• About this task:
Quote every line below exactly and skip any picture.

[Recorded information — start]

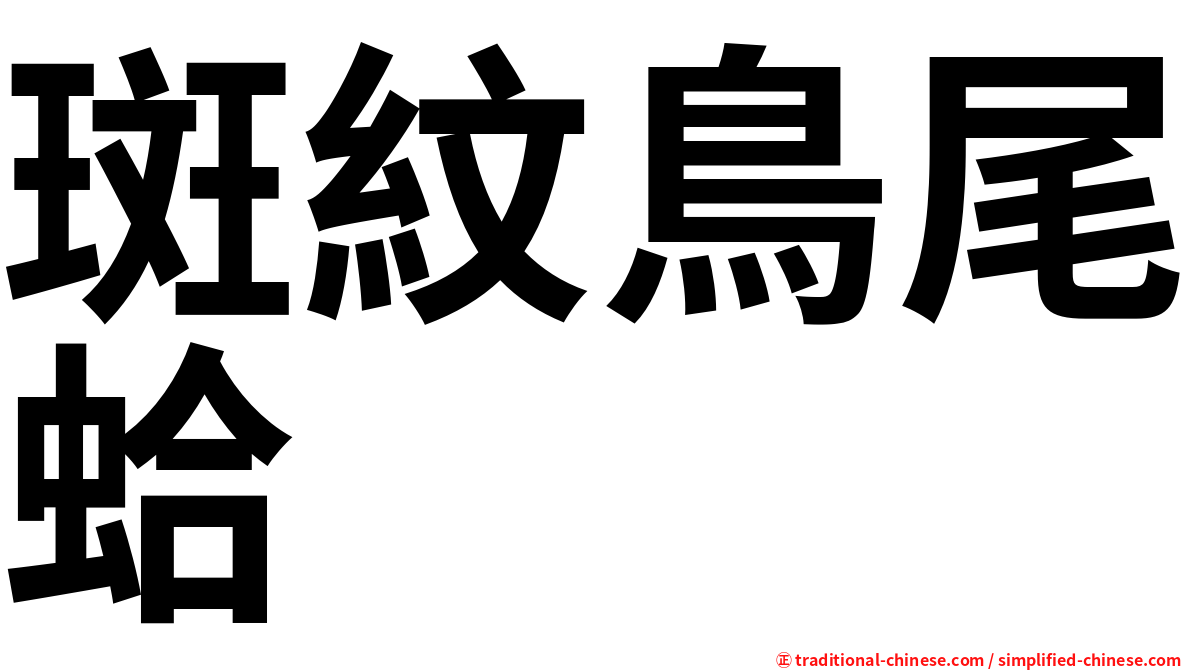 斑紋鳥尾蛤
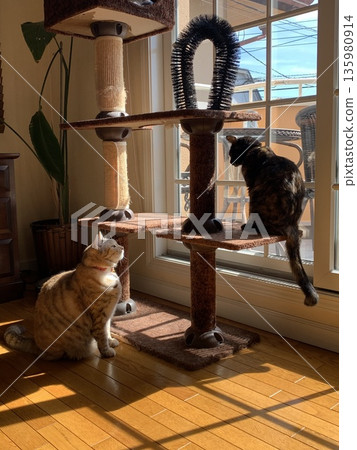 Two cats looking at each other on a cat tower by the window Two cats looking at each other on a cat tower by the window 135980914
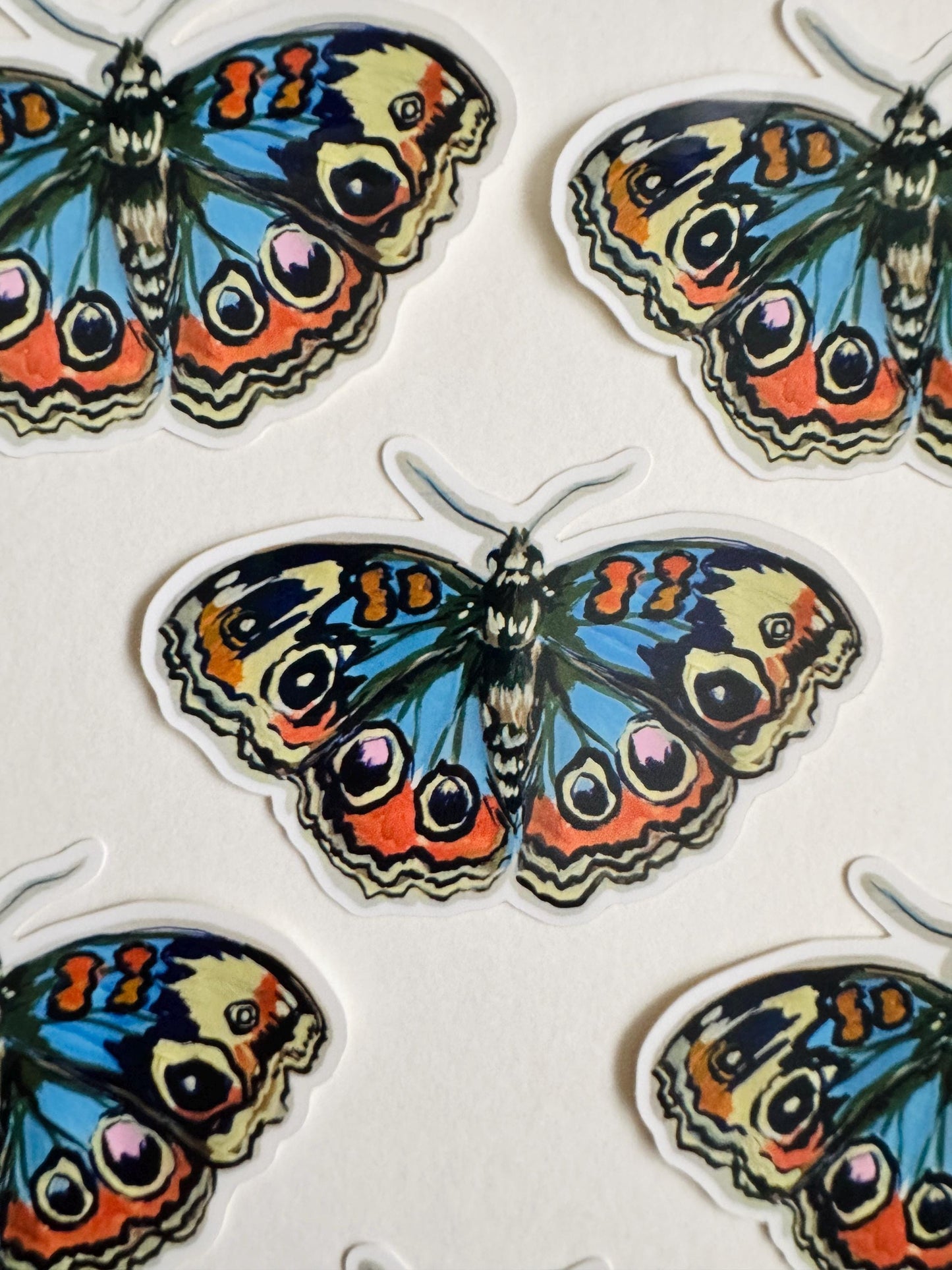 Blue Buckeye Butterfly Sticker | Illustrated Artwork | Butterfly Decal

[Recorded information — finish]

• Solved problem:
 斑紋鳥尾蛤
 Two cats looking at each other on a cat tower by the window Two cats looking at each other on a cat tower by the window 135980914
 Blue Buckeye Butterfly Sticker | Illustrated Artwork | Butterfly Decal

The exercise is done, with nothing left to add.